* _EXERCISE REQUIREMENTS_
Scan the records below for the line containing "Color Your Seasonal" and the line containing "Marcus Garvey Sleeveless". Copy both, plus every line between, exactly.

Records from a data collection:
== == ==
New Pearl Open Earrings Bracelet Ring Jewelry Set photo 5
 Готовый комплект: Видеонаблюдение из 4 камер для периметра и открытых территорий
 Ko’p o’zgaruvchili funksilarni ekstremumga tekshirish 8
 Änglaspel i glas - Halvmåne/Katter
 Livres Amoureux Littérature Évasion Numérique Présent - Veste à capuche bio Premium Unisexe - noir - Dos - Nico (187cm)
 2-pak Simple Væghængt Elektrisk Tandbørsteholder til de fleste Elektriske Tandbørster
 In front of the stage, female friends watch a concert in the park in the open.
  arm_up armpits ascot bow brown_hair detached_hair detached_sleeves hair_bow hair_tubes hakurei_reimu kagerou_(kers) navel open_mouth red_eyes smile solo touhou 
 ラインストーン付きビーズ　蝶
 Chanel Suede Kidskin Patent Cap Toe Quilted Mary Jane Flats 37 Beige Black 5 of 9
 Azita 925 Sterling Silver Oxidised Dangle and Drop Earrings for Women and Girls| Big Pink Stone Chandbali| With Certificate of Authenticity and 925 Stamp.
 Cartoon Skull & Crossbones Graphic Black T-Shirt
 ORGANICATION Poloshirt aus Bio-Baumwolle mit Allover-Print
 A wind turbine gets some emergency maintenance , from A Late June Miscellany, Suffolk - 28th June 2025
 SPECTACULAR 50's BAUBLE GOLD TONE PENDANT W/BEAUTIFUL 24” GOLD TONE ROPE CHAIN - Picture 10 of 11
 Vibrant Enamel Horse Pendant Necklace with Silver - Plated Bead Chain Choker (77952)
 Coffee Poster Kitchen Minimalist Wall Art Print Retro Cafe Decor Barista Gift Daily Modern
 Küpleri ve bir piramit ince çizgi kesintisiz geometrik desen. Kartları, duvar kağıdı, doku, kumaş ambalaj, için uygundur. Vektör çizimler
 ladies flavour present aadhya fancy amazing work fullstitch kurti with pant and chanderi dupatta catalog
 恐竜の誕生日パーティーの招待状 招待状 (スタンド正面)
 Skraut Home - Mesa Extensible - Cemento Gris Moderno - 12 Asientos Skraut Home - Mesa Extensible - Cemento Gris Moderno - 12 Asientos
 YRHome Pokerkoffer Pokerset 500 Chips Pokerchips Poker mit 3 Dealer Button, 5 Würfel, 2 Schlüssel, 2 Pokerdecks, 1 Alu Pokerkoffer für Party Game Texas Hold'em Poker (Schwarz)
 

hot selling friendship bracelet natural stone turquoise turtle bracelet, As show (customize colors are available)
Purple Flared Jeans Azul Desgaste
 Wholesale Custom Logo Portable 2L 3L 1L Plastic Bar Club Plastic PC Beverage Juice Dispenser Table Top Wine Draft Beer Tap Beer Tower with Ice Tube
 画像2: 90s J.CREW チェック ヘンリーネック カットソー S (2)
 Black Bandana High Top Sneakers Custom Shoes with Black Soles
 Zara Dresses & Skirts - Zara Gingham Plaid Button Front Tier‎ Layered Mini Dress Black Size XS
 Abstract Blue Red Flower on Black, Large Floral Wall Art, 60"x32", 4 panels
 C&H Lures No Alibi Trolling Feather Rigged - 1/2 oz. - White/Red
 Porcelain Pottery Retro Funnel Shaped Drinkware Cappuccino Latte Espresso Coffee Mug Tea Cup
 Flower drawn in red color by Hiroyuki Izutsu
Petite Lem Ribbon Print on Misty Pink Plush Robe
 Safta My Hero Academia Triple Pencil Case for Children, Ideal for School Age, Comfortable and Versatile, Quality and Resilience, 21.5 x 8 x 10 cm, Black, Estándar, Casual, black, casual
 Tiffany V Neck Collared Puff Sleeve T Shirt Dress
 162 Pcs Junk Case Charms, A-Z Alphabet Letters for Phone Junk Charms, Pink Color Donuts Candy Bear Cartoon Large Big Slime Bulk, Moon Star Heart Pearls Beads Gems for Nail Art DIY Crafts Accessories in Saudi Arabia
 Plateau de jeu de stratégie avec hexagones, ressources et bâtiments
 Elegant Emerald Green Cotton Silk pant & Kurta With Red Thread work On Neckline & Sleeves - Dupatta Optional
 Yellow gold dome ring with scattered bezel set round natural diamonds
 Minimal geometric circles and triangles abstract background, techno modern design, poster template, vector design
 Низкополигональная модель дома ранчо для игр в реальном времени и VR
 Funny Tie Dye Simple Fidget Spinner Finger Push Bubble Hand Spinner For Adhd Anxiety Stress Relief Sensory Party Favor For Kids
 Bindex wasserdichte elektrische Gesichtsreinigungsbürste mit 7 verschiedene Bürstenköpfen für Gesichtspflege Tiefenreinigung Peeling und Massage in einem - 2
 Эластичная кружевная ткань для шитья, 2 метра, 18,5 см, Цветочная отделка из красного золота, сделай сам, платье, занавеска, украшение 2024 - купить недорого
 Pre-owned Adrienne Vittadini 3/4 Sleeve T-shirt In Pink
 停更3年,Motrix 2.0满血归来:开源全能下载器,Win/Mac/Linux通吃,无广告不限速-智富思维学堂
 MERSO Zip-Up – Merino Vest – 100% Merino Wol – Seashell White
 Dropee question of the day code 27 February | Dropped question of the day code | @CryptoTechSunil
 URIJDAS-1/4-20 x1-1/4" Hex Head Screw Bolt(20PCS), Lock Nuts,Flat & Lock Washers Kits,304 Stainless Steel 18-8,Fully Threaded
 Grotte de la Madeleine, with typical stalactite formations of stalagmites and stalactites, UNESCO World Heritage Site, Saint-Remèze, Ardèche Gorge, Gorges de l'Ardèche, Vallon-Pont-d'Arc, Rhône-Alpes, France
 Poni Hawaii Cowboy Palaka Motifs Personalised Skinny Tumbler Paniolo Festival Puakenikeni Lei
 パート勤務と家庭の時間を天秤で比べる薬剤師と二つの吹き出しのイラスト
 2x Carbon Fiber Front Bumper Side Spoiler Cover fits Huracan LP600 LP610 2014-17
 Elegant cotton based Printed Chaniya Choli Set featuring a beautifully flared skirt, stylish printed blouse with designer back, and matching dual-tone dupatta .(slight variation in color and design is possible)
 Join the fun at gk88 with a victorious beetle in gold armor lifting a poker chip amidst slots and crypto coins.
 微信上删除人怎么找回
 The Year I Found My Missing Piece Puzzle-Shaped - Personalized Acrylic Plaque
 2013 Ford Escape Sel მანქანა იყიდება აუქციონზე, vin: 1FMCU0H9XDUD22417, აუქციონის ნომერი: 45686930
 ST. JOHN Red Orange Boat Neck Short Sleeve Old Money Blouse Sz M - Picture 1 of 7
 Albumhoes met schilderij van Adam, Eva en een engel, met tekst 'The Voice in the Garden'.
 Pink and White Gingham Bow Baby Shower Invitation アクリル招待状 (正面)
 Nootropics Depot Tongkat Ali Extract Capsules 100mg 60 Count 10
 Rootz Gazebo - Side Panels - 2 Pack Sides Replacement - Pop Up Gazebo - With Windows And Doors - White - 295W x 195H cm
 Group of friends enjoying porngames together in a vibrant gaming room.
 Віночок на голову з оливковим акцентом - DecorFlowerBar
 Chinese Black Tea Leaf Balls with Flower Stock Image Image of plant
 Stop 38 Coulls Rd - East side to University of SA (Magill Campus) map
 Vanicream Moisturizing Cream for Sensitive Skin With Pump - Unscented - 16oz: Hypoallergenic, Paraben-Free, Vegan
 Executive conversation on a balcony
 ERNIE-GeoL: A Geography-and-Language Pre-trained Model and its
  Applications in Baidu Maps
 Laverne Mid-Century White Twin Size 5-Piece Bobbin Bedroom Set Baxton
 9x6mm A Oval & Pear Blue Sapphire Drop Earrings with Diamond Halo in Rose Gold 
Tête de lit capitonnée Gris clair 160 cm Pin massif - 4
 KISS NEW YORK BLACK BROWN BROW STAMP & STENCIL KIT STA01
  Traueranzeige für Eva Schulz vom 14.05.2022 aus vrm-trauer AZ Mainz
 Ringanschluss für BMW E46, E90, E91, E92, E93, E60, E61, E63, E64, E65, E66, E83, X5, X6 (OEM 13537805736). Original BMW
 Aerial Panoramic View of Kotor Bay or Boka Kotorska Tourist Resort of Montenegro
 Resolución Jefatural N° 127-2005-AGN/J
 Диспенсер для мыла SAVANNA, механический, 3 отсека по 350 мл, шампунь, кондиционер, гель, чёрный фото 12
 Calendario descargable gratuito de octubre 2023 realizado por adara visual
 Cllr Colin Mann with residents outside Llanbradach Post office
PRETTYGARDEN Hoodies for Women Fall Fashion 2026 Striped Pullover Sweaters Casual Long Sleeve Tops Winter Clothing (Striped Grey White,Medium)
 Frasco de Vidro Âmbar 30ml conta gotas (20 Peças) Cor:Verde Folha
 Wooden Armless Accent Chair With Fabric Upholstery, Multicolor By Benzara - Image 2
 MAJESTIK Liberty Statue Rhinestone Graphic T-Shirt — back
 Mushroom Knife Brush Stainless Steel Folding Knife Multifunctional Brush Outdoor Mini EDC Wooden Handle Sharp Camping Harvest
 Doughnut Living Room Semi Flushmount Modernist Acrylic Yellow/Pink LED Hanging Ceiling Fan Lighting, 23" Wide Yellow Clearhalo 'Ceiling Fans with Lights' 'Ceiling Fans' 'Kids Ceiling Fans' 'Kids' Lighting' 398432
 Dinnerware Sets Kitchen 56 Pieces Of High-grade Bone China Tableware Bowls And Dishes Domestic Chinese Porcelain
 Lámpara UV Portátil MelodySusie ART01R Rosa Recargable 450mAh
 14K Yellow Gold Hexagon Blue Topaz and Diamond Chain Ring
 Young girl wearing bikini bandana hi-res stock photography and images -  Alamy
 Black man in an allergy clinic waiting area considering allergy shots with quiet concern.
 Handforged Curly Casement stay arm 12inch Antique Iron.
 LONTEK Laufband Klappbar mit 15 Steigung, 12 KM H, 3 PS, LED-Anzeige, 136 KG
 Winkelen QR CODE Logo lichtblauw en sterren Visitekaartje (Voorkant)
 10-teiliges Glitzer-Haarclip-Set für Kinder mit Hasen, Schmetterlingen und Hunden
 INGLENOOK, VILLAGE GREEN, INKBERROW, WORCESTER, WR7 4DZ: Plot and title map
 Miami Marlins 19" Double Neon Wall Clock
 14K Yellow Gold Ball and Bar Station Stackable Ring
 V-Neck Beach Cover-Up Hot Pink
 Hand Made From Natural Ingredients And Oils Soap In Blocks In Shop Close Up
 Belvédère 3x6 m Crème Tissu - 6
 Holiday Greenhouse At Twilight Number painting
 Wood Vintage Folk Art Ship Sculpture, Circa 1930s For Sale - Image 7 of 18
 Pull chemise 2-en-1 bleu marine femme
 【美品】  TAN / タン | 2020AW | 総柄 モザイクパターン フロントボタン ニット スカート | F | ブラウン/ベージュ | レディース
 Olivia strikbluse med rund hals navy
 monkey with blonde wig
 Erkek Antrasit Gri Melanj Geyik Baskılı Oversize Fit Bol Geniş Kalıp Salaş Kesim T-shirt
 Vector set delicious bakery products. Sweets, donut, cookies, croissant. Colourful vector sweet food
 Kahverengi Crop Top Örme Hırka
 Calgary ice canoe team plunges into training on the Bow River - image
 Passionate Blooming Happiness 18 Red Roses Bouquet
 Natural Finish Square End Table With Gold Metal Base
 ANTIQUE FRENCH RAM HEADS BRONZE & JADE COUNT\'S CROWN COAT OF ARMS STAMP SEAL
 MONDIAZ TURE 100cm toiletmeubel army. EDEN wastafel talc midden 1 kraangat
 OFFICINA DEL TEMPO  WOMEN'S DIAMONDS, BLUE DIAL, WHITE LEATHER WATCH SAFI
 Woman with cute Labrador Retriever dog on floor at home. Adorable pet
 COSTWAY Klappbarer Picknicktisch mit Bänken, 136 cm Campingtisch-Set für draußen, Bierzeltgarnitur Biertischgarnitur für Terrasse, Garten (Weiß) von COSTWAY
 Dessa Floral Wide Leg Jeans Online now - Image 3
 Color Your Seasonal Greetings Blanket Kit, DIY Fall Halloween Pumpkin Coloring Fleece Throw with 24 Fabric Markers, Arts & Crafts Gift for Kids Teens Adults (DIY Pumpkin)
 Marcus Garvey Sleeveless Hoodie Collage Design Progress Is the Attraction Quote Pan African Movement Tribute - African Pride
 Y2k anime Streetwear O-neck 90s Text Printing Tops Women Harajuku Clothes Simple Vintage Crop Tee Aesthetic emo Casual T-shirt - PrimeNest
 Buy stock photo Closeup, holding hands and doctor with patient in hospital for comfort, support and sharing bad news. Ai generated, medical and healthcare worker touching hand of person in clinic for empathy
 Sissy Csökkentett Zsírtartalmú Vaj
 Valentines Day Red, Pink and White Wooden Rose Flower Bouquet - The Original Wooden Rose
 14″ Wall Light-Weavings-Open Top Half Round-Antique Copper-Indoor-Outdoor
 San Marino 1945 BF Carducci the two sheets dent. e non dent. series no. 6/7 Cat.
== == ==
* _FINISHED EXERCISE_
 Color Your Seasonal Greetings Blanket Kit, DIY Fall Halloween Pumpkin Coloring Fleece Throw with 24 Fabric Markers, Arts & Crafts Gift for Kids Teens Adults (DIY Pumpkin)
 Marcus Garvey Sleeveless Hoodie Collage Design Progress Is the Attraction Quote Pan African Movement Tribute - African Pride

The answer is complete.